■ **Exercise**: As soon as the line containing "141 Boneless Couch" appears in the material below, start returning lines exactly, and end with the line containing "25 Bombillas LED Blancas 10mm Pre-cableadas 12V + Soportes 25".

■ **Dataset content**:
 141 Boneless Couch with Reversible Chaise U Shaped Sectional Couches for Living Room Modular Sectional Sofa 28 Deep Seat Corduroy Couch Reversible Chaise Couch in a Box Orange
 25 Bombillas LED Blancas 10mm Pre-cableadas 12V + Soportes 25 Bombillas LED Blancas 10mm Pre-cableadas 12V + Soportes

--

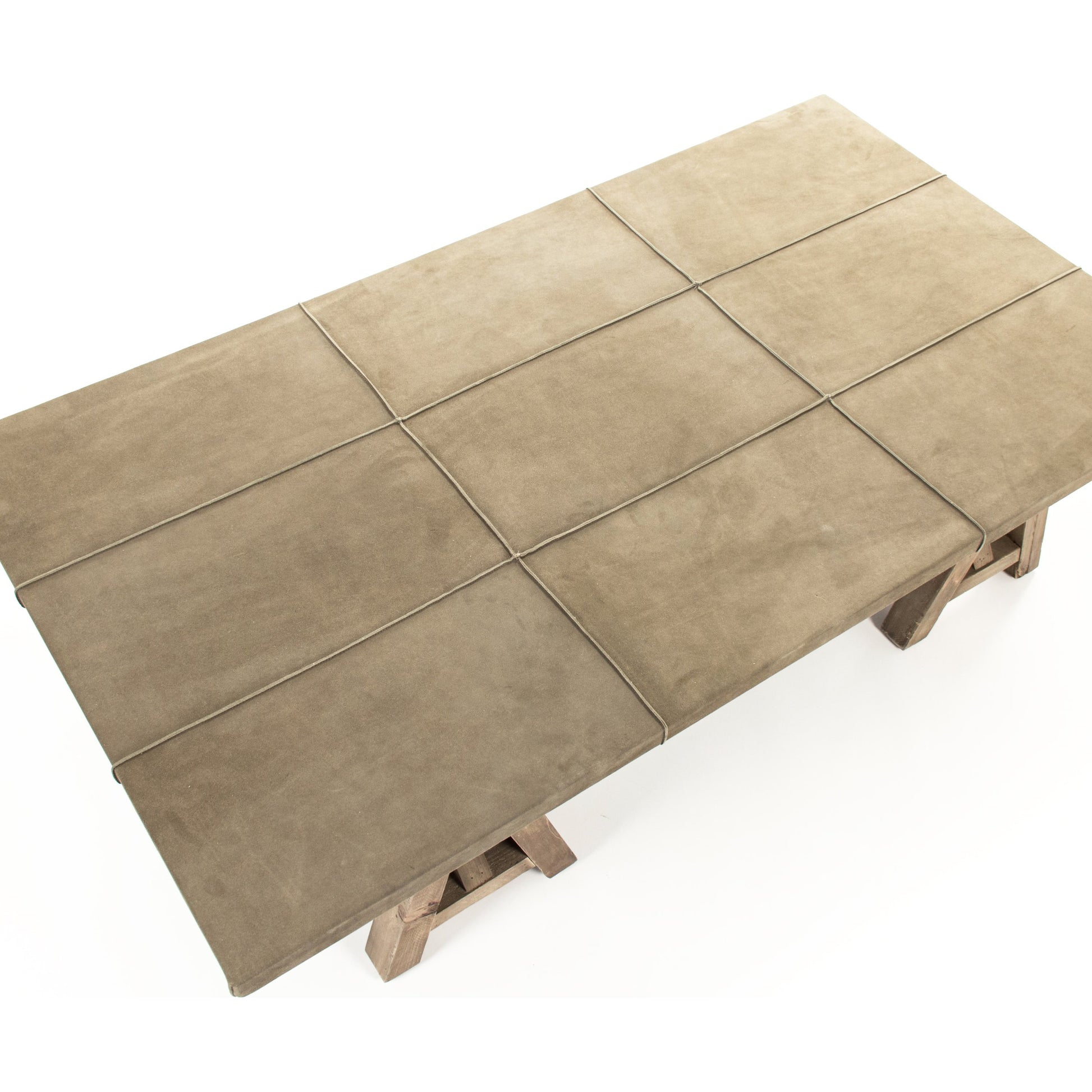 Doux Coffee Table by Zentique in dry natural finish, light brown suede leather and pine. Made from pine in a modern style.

■ **Answer to the exercise**:
 141 Boneless Couch with Reversible Chaise U Shaped Sectional Couches for Living Room Modular Sectional Sofa 28 Deep Seat Corduroy Couch Reversible Chaise Couch in a Box Orange
 25 Bombillas LED Blancas 10mm Pre-cableadas 12V + Soportes 25 Bombillas LED Blancas 10mm Pre-cableadas 12V + Soportes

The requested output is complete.